The violence meter, in green normal relations, then from yellow the situation deteriorates. “The doctor there could provide the basic tools and raise awareness, because the guide evokes concrete cases using simple phrases that everyone can understand”, explains NousToutes. Image: Centre Hubertine Auclert

“I said at the start, ‘There are only 17 girls, you don’t touch them’, because that’s the minority,” Valérie Covacho, former Kerguelen district manager, explained to Franceinfo in January.

This minority is not a selection bias, “but a lack of female candidates,” recalls the doctor. Since 1994, the missions have been mixed. “If a girl wants to read quietly on a sofa without being solicited, she should be able to,” adds the doctor.
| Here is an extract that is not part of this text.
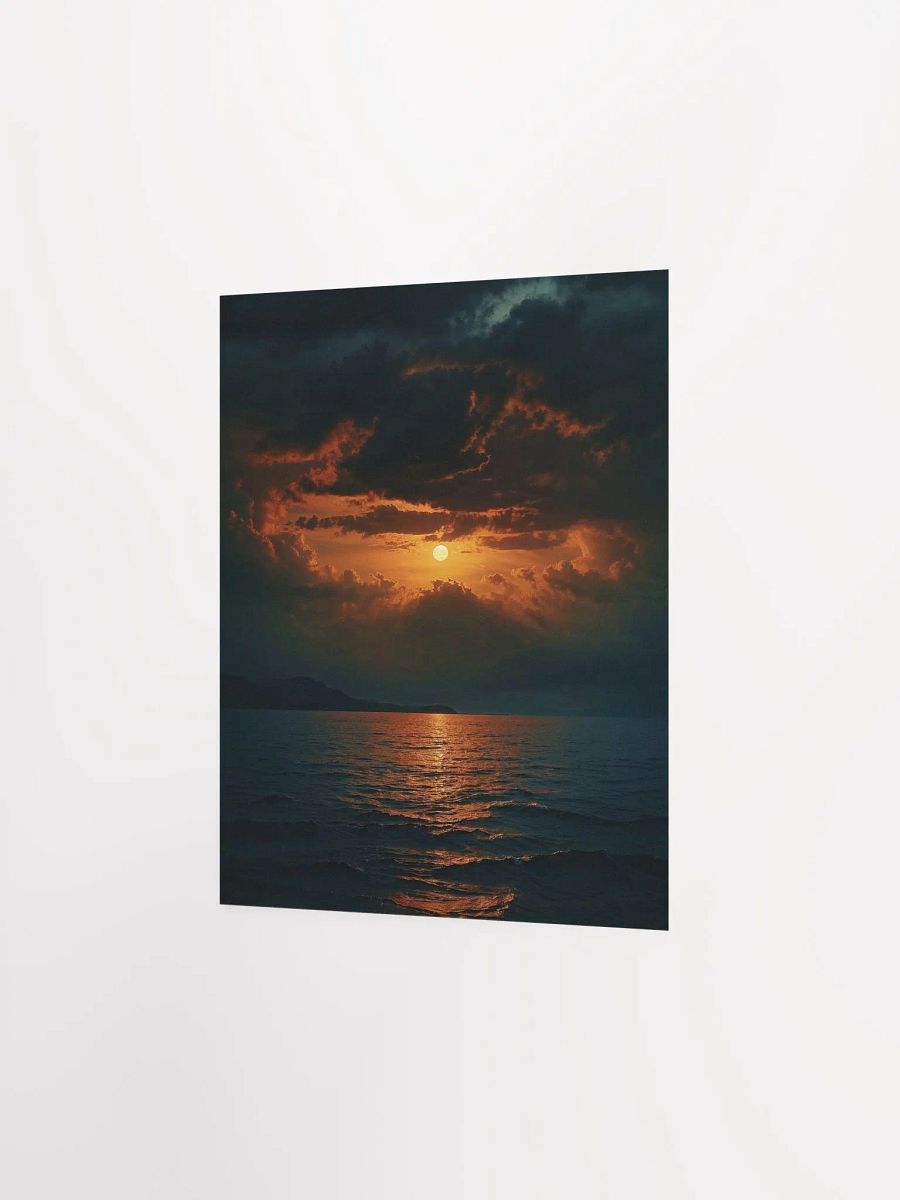 Sunset Seascape Poster product image (24)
Prevention notices should be deployed at festive times. The “safe bar” points to consent as the key element in any relationship between two people. These are cards that present the behavior to follow, when one is an active witness, in five acts: distract, direct, delegate, dialogue, document.

“It’s about engaging people to take responsibility as witnesses,” explains the collective. This means reaching out to the victim and distracting the aggressor, reasoning with him or her through dialogue, documenting the scene and giving clear orders to stop the action with a wave of the hand.

It is possible to report violence on the NousToutes collective website, on the En Avant Toutes chat and on the FranceVictime network. At the bases, the district manager and the doctor are also on hand to provide support or to file a complaint.

Welcomed with open arms

Couples will have the right to live out their relationship during their mission, but the psychologists remind everyone that discretion is a delicate thing to have towards people who will not have a relationship there, which can send them back to the emptiness they face on a daily basis.

“Before this phase, if you fall in love, you need to be kind when approaching people”, they reminded participants.

More joyful events may occur during the winter. Some, however, are strongly discouraged, such as pregnancies, as the medical staff are unable to cope with complications.

But others should be welcomed with open arms, “as a form of learning,” according to the psychologists. Sometimes same-sex experimentation takes place. Or, as in some years, a proper civil or religious marriage.